Dain memang diperbolehkan bahkan disunahkan dalam hukum islam karena hal tersebut berpedoman pada Al-Qur’an dan Hadits Nabi SAW. Dengan syarat muqtarid tidak meminta imbalan serta lebihnya barang yang dipinjamkan karena hal tersebut yang dimaksud dengan riba yang dibagi dua maupun tiga menurut ulama Syafi’iyah yang telah dijelaskan diatas.

Sesungguhnya menurut hemat penulis, standarisasi dengan harga barang yang di nilai dengan emas dan perak lebih membawa kepada spek maslahat, baik bagi si peminjam atau bagi yang meminjamkan. Agar dapat dijadikan pijakan analisis terhadap hutang piutang berstandarisasi harga barang, perlu diperhatikan pandangan para ulama tentang hutang piutang berikut ini:
1. Mazhab Hanafiyah: jika keuntungan tersebut tidak dipersyaratkan dalam akad atau jika hal itu tidak menjadi ‘urf (kebiasaan di masyarakat) maka hukumnya adalah boleh.
2. Mazhab Malikiyah: hutang piutang yang bersumber dari jual beli, penambahan pembayaran yang tidak dipersyaratkan adalah boleh. Sedangkan dalam hal utang piutang (al-qardl), penambahan pembayaran yang tidak dipersyaratkan dan tidak dijanjikan karena telah menjadi kebiasaan di masyarakat, hukumnya adalah haram. Penambahan yang tidak dipersyaratkan dan tidak menjadi kebiasaan di masyarakat baru boleh diterima.

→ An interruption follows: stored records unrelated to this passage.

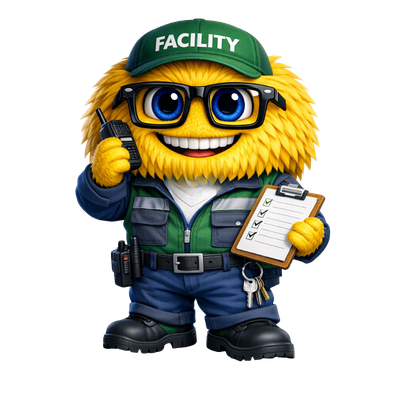 Lacidem „Gelbe, flauschige Cartoon‑Figur mit großer Brille und grüner Facility‑Cap, die ein Klemmbrett mit Checkliste und ein Funkgerät hält; freundlicher Facility‑Management‑Maskottchen‑Charakter der Lacidem GmbH.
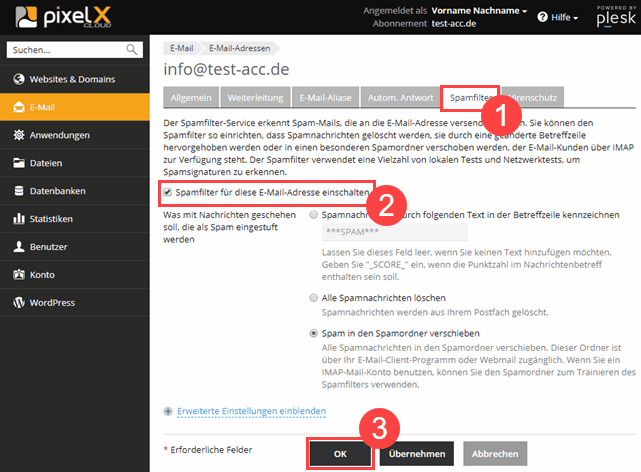 Plesk Onyx Spamfilter einrichten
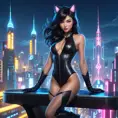 Ahri, dressed in a seductive black leather bodysuit, her tails flowing elegantly behind her, posed atop a high-tech, neon-lit platform in a futuristic cityscape, capturing her dominance and elegance.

3. Mazhab Syafii: penambahan pelunasan utang yang diperjanjikan oleh muqtaridl (pihak yang berhutang), maka pihak yang menghutangi makruh menerimanya.
4. Mazhab Hambali: pihak yang menghutangi dibolehkan menerima penambahan pelunasan yang diperjanjikan oleh muqtaridl (pihak yang berhutang dibolehkan menerimanya.

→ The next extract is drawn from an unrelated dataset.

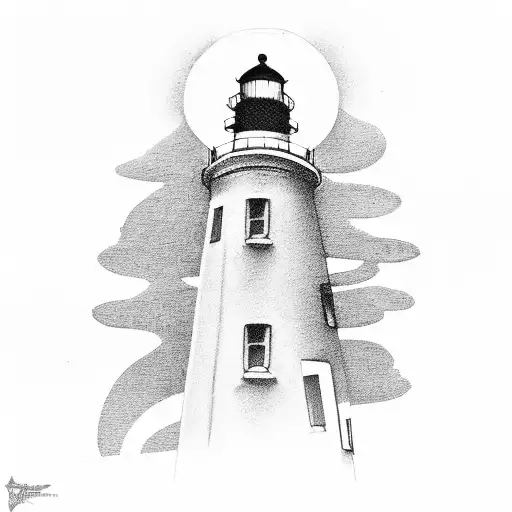 lighthouse tattoo black and grey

5. Sementara, Syekh Zainuddin al-Malibary menyebutkan bahwa boleh bagi muqridl menerima kemanfaatan yang diberikan kepadanya oleh muqtaridl tanpa disyaratkan sewaktu akad, misalnya kelebihan ukuran atau mutu barang pengembalian dan pengembalian lebih baik dari yang dihutangkan. Bahkan melebihkan pengembalian hutang adalah disunnahkan bagi muqridl karena Rasulullah saw. bersabda: sesungguhnya yang paling baik di antara kalian adalah yang paling bagus dalam membayar hutangnya.

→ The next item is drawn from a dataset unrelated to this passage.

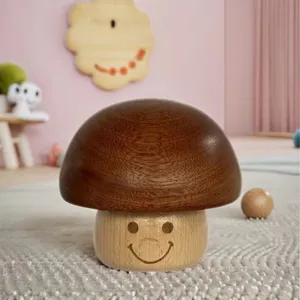 Music Box Mushroom Ornaments Solid Wood Music Box thumbnail-3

Argumentasi para ulama tersebut memang sangat bervariasi. Hanya Imam Hambali yang kelihatan agak longgar dengan membolehkan mengambil kelebihan pelunasan dari yang berhutang asalkan kelebihan itu dijanjikan oleh pihak yang berhutang.

BAB III
PENUTUP
A. Kesimpulan
1. Utang piutang (Qard, Dain) itu sangat dianjurkan dalam islam, bahkan menjadi perintah Allah sendiri yang sudah termaktub dalam Al-Qur’an. Banyak ulama yang menghukumi diakibatkan banyaknya cara dalam proses peminjamannya. Uatag piutang yang diperbolehkan dalam islam sudah memenuhi rukun, sesuai persyaratan barang yang akan dipinjamkan dan sekaligus memnuhi sahnya Qard.
Misalnya, dalam qard tidak diperbolehkan memberikan pinjaman kepada orang yang mau menggunakan untuk jalam maksiat contohnya digunakan berjudi, berzina atau yang lainnya masuk dalam kategori maksiat. Hal tersebut bukan menjadi sunah lagi, tapi diharamkan memberikan pinjaman pada muqrid. Dan juga yang perlu diingat dalam memberikan pinjaman jangan sekali melebihi dari barang yang dipinjamkannya misalnya memberikan pinjaman uang sebesar Rp. 200.000 maka harus tidak dilebihkan dari jumlah itu. Perbedaan itulah yang menyebabkan hukum berbeda-beda.
2. Sangat dilarang bahkan diharamkan dalam islam, Karena itu termasuk riba, sedangkan riba itu diharamkan oleh Allah SWT. Makanya sangat dianjurkan untuk tidak dilakukan bagi siapa saja karena salah satu dari dua belah pihak ada yang dirugikan.